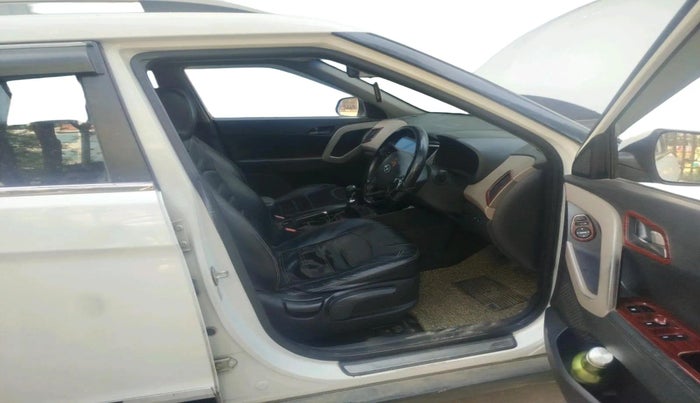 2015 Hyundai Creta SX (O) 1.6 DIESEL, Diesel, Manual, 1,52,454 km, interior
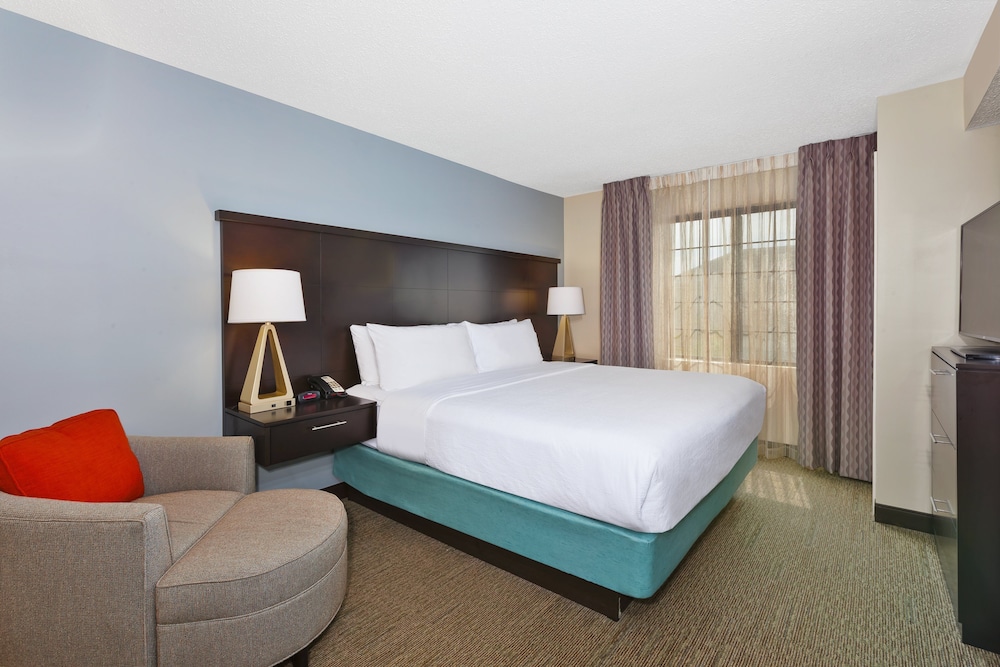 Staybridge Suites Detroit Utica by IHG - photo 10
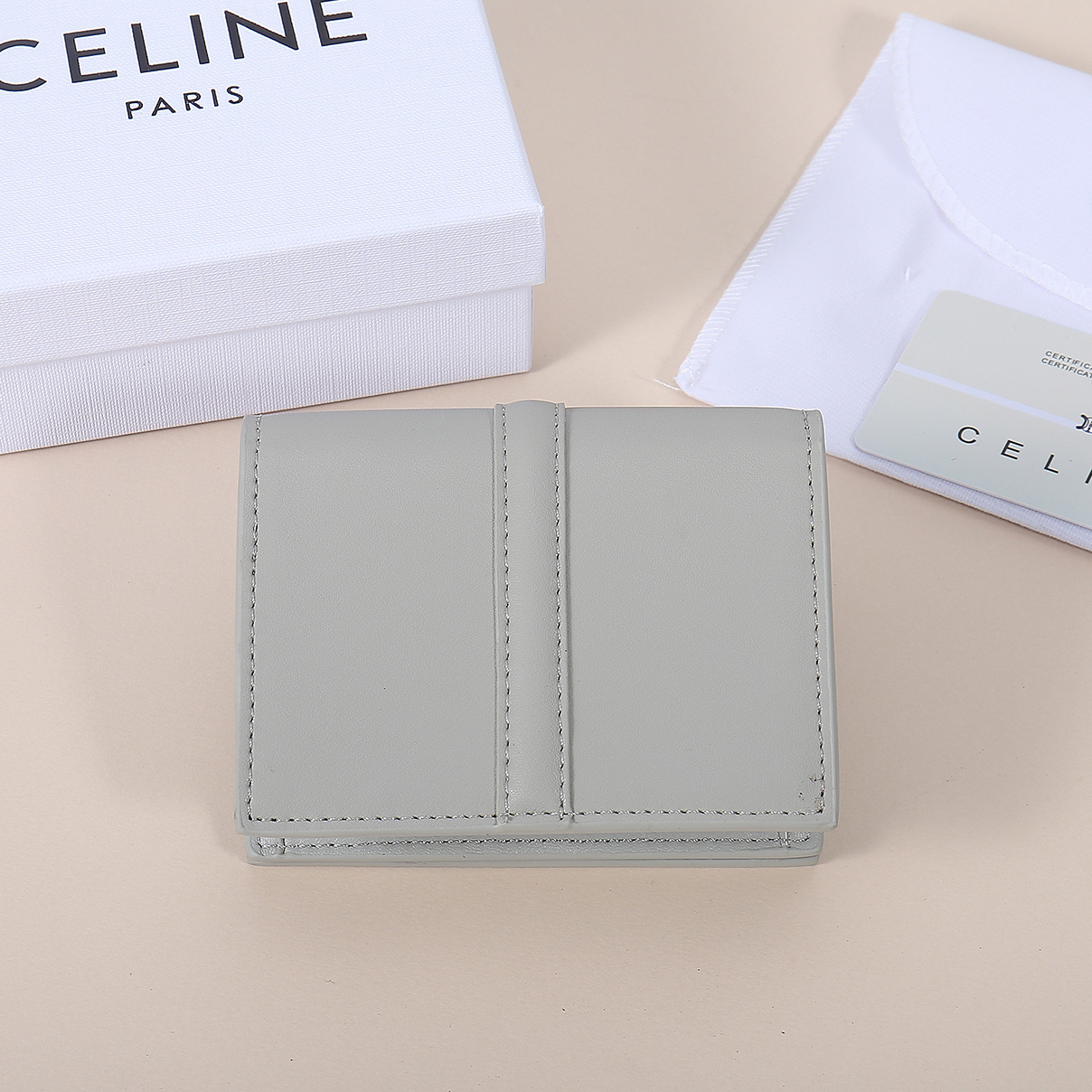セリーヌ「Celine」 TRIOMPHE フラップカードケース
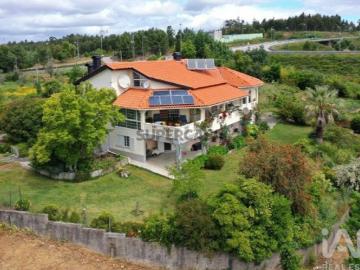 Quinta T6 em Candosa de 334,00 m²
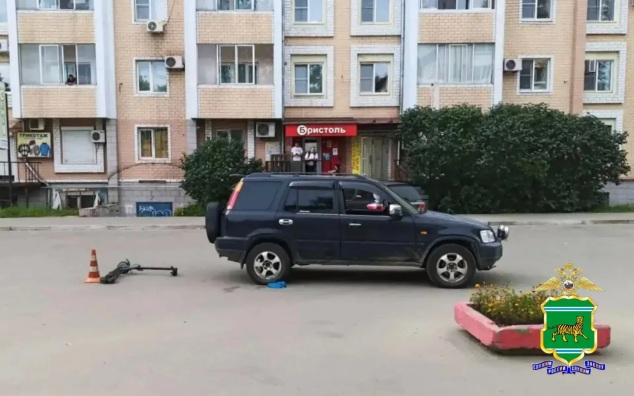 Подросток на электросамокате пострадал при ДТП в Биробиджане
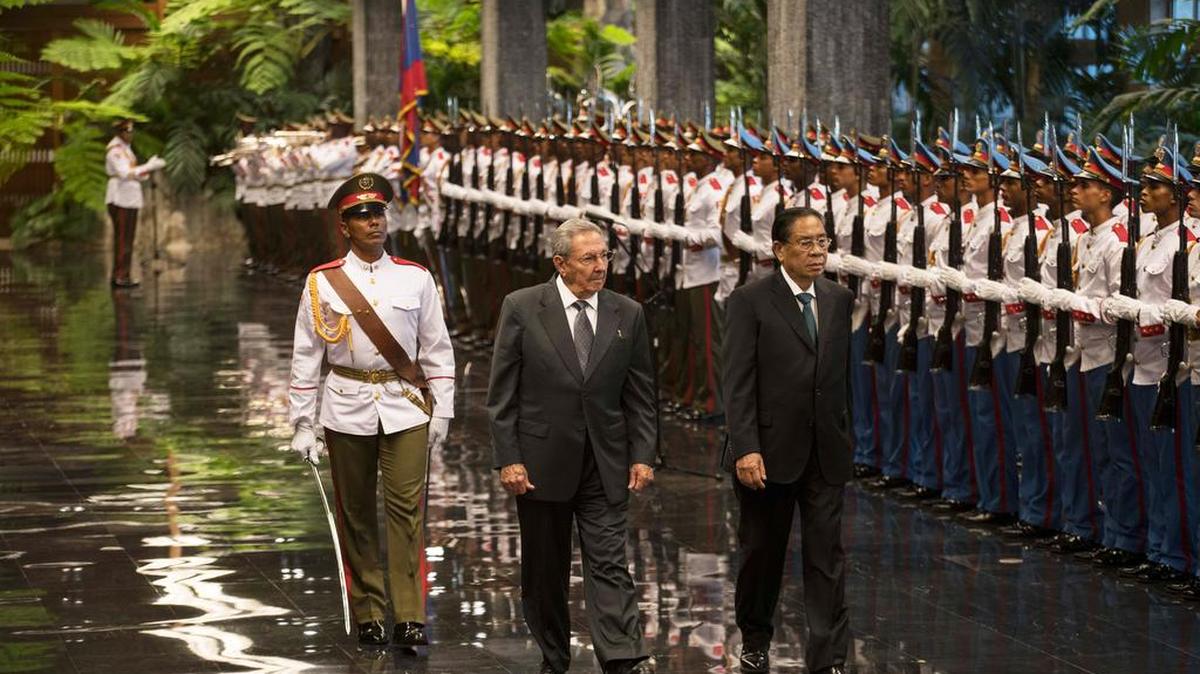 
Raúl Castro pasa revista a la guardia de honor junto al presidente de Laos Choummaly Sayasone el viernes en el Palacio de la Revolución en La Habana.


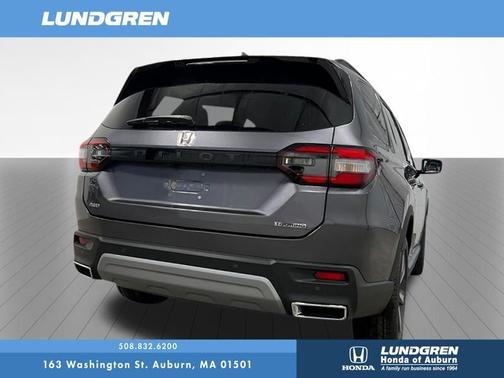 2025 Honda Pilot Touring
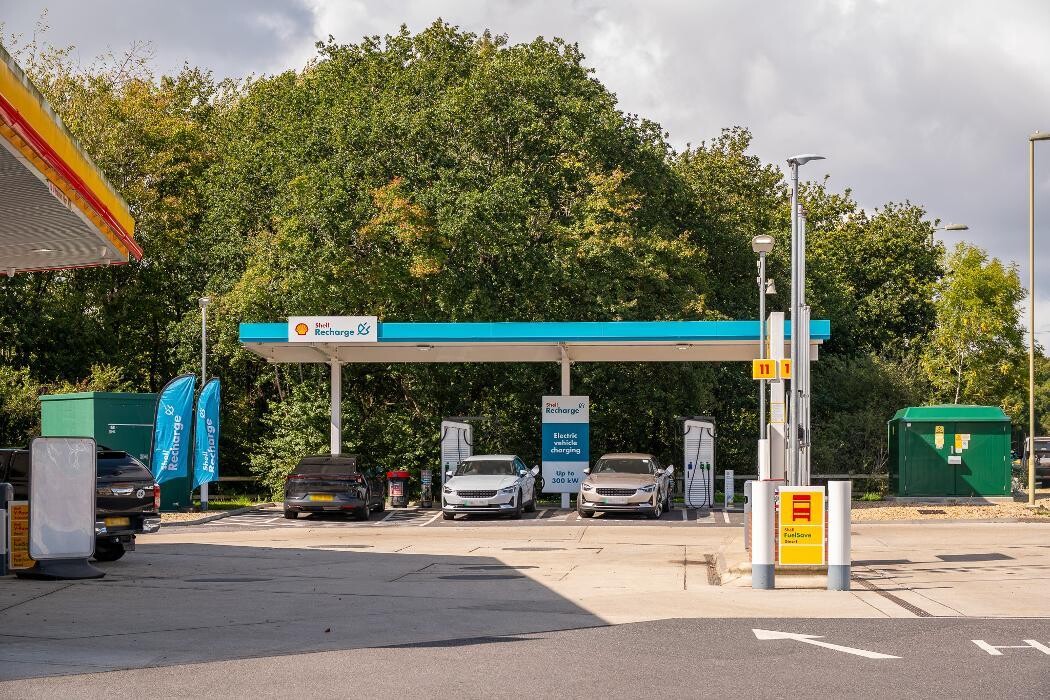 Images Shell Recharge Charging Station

==

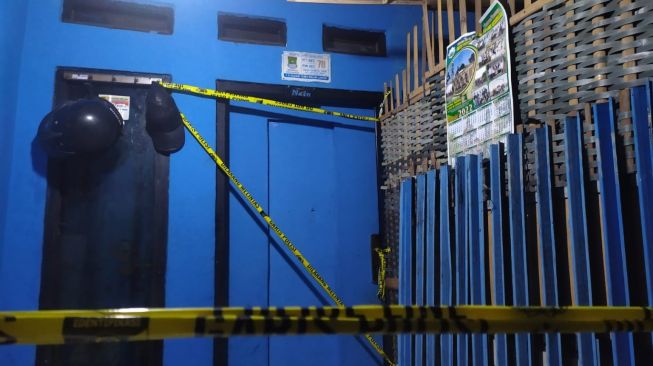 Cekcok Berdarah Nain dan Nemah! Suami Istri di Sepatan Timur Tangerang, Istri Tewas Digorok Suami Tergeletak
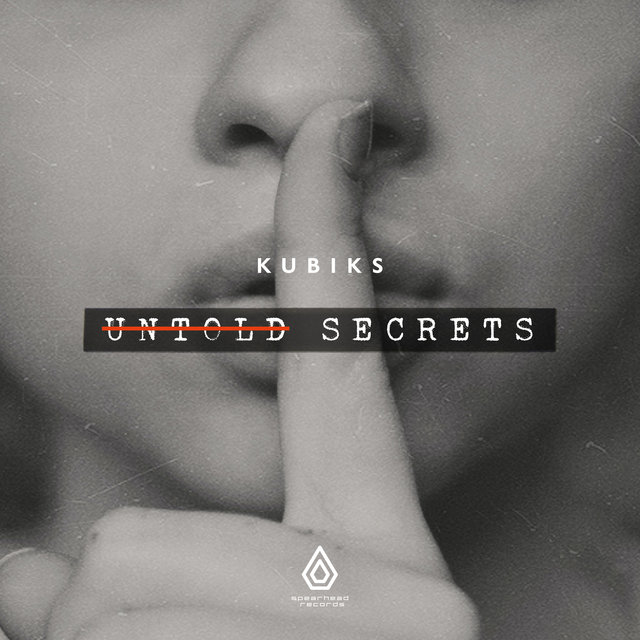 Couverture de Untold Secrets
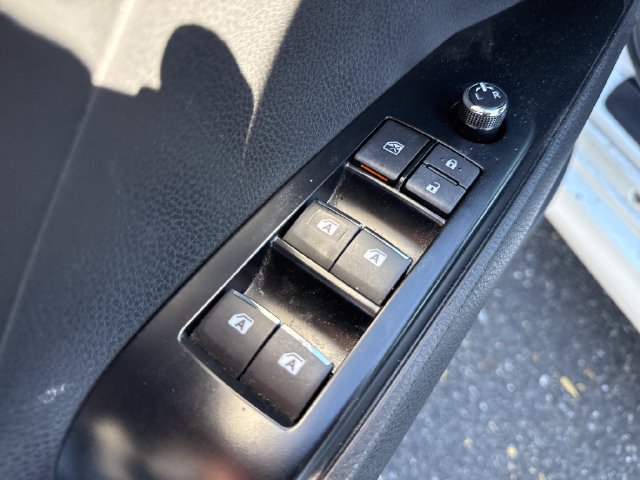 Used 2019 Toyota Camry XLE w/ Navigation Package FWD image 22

**WHAT IS REQUIRED:**
Set down, exactly as written above, each line from the one with "Couverture de Untold Secrets" through the one with "Used 2019 Toyota", and skip the pictures.

**TASK RESPONSE:**
 Couverture de Untold Secrets
 Used 2019 Toyota Camry XLE w/ Navigation Package FWD image 22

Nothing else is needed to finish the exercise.